As an example, consider that Bucks County’s Central Bucks School District – with a 43 percent growth between 1995 and 2005 – got $697 per student in state spending this year. That, while Harmony School District in Clearfield County dropped 25 percent in student population and received $6,852 per student this year, according to a Legislative Budget and Finance Committee Report.

At the first of a two-day hearing Monday, lawmakers on the House Republican Policy Committee quizzed officials from growing school districts on how the state’s system of funding education is impacting school budgets and property taxes.

The goal of the hearings is to help draft legislation that could be introduced as early as this year in the budget process.

The problem for growing school districts stems from the fact that the state largely curbed its basic education funding formula to 1991 student population levels. And the flow of state education funding, like funding for many other public services, is impacted by a “hold-harmless” clause that says no district can receive less funding in actual dollar amounts than the year before.

These two factors have resulted in high growth districts getting little increase, and sometimes even a decline, in the state’s per student contribution over the last 15 years.

School officials complain that the state funding shortfall comes at a time when they need the money most to build new classrooms, add support staff and extra buses and drivers. They say they’ve been increasingly turning to property taxpayers to make up the difference.

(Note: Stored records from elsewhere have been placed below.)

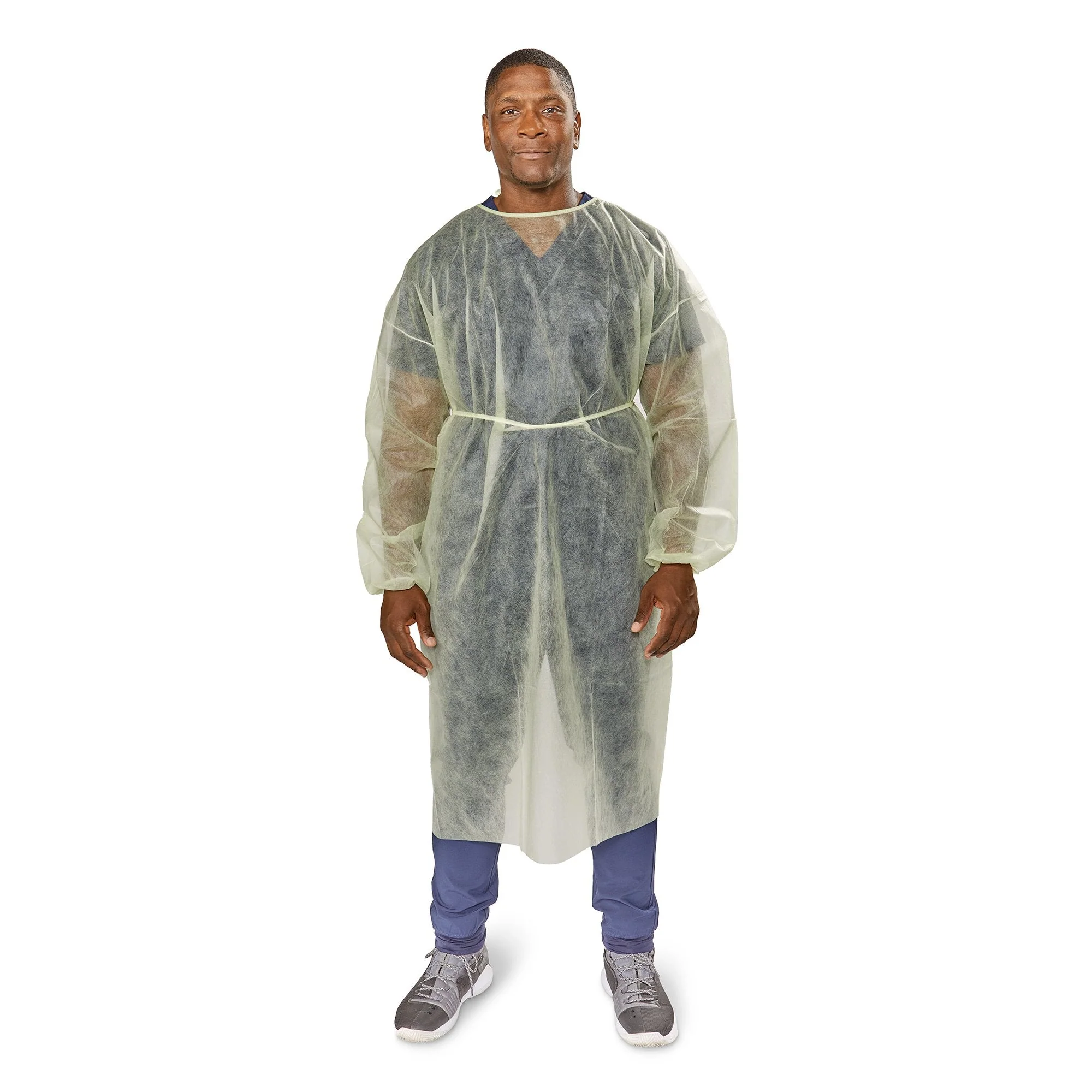 McKesson Brand McKesson Nonrated Isolation Gowns, Yellow, One Size Fits Most (100/CS)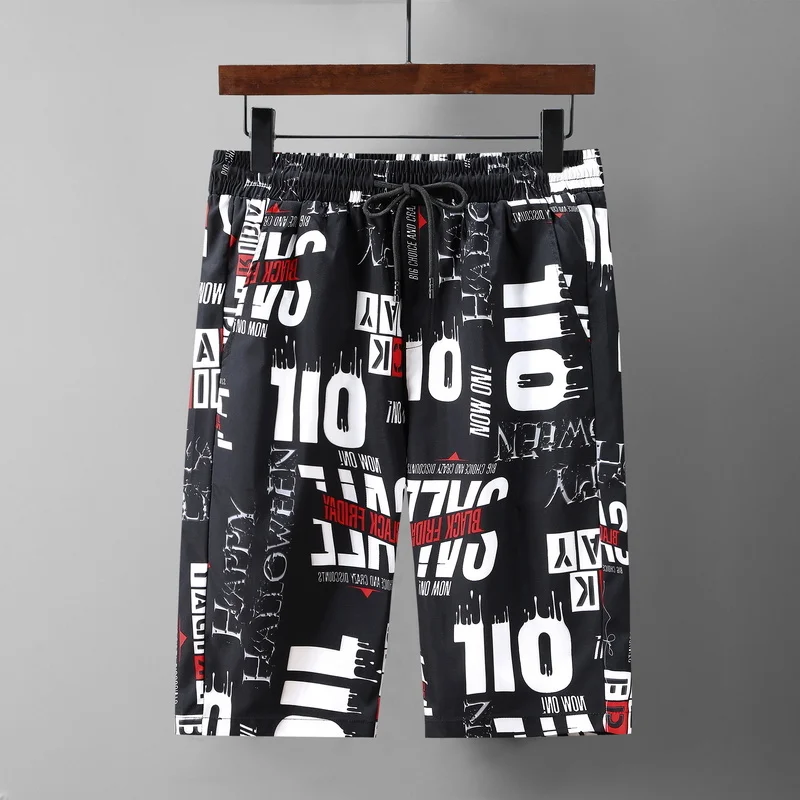 

Мужские летние шорты с рисунком, размеры 2XL-12XL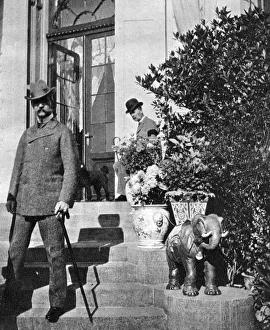 Step Prints: King Christian IX of Denmark (1818-1906) and Prince Frederick (1868-1940)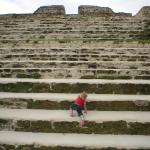 Belize - Altun Ha Mayan Ruins - Kaylin Climbing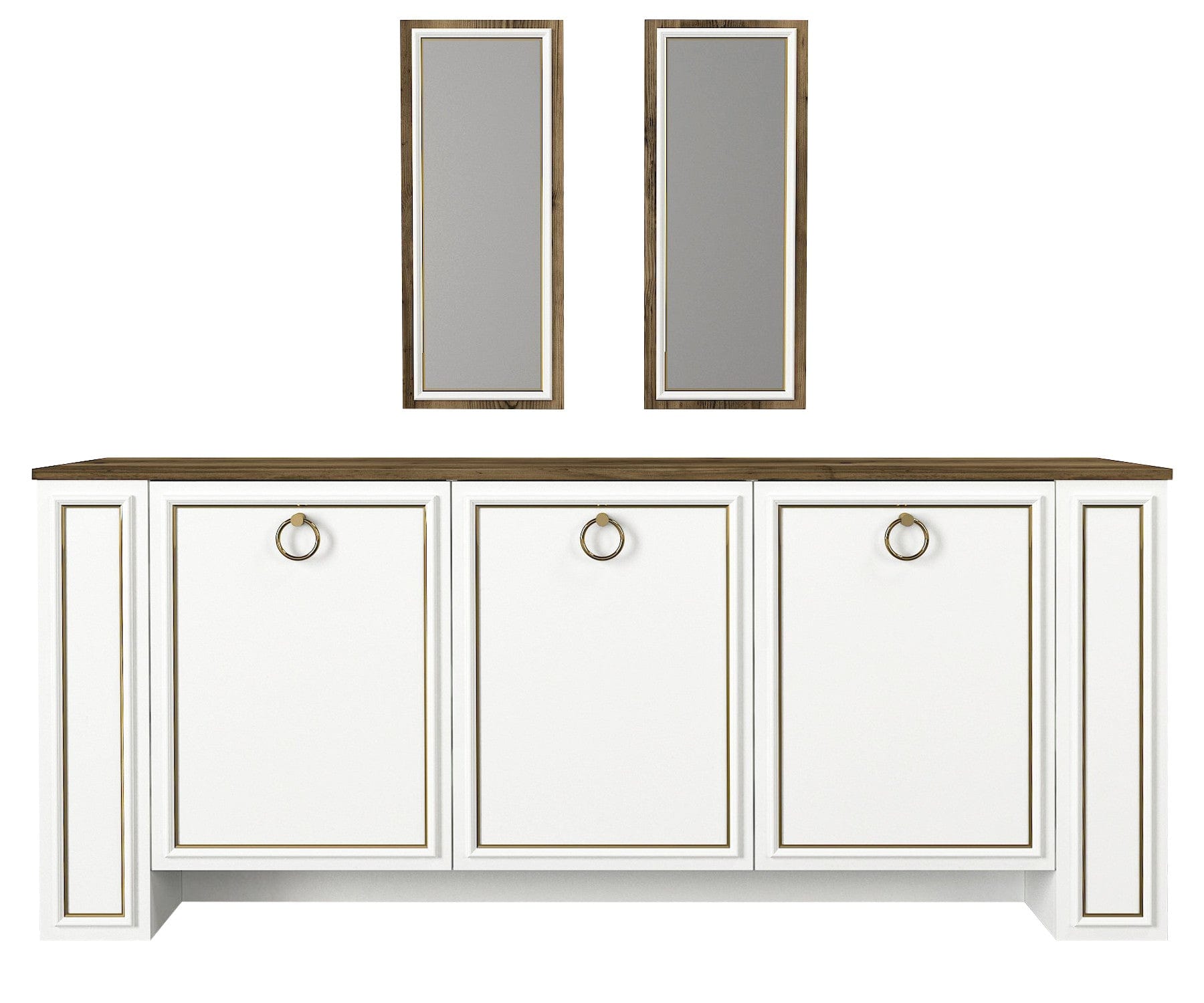 Asir Credenza con 3 ante Sansa Bianco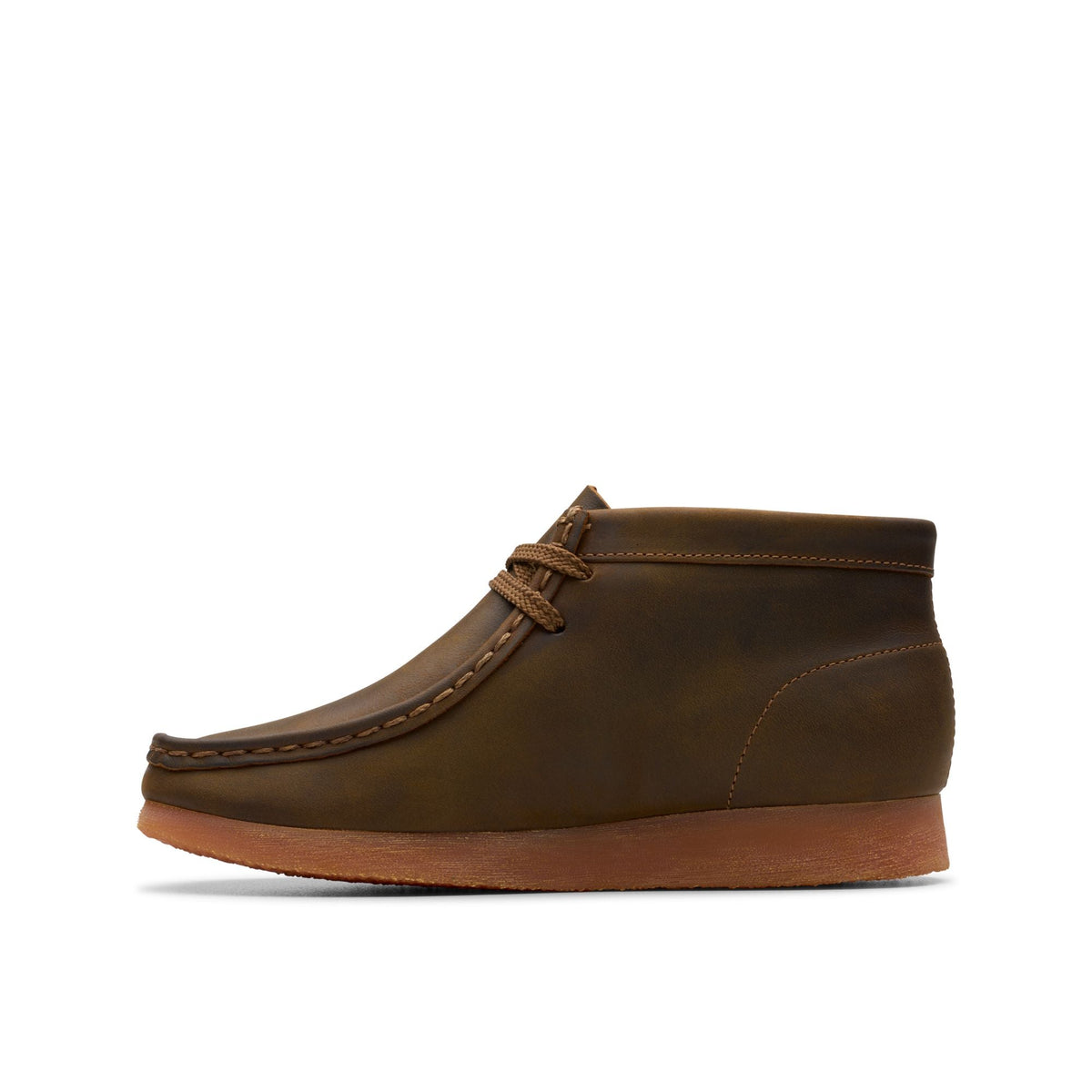 Clarks Originals Wallabee Boot Kids' Unisex Beeswax Brown Leather 26168134 - additional view 2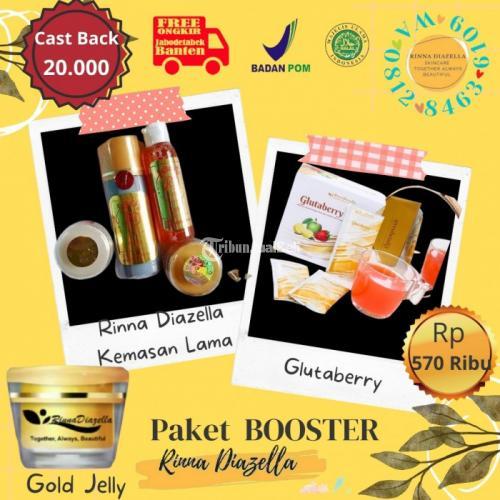 Produk Skincare lightening gold jelly Rinna Diazella 100% Original,Free Ongkir Wilayah Medan Satria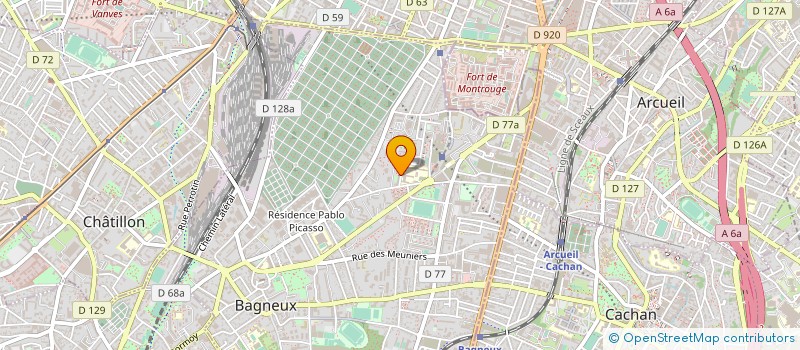 localisation de l'entreprise MONSIEUR AXEL BULLOT à BAGNEUX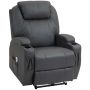 Massage chair Homcom 82x97x110cm., dark gray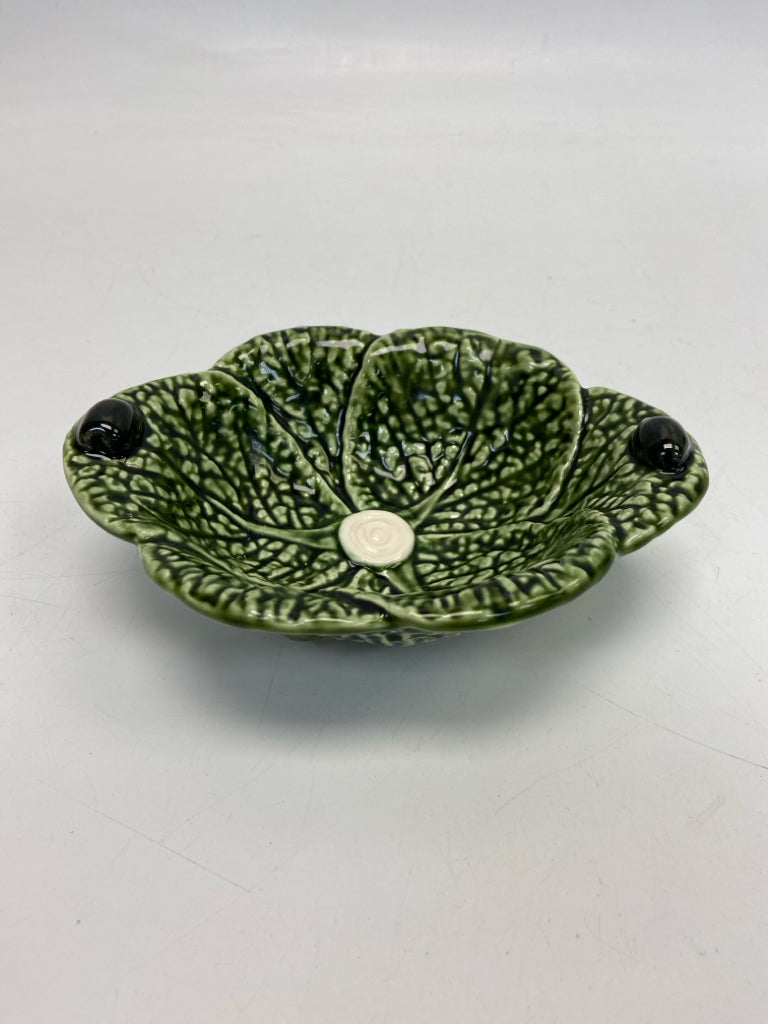 Green Black/White Olive Ceramic Bowl(s)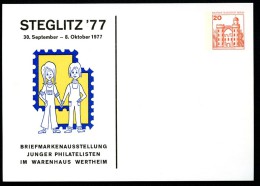 BERLIN PP76 D1/002 Privat-Postkarte STEGLITZ ** 1977 - Cartes Postales Privées - Neuves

“Additional student enrollment requires an increase in local school expenditures,” said Charles Amuso, superintendent of Soudertown Area School District in Montgomery County. “The result is that a greater burden is placed on those who pay real estate taxes in our district.”

House Republicans are hoping to address extra funding for high growth school districts in the ongoing debate over property tax reform, although the details of such a plan have not been made public.

Additionally, the House overwhelmingly passed an amendment in its version of the state budget last week to require that school districts receive funding for every new student at the rate of the prior year’s per student state funding amount.

Some say the newfound legislative support is the result of new areas of the state becoming high growth centers. Now joining the Philadelphia suburbs in high growth are York County, Lancaster, the Poconos area, and the Lehigh Valley.

“I think we have a lot more advantage than we did a couple years ago,” said Montgomery County Rep. Robert Godshall.

Still, ideas like York County Rep. Ron Miller’s budget amendment to fund growth were given tepid review by the two Montgomery County superintendents. Methacton’s Jeffrey Miller said it “slows the bleeding.” What he’d really like, he said, is a return to something similar to the pre-1991 funding formula, where school districts could reliably expect the state to pay 50 percent of the funding.

Methacton currently gets closer to 32 percent, according to figures he provided.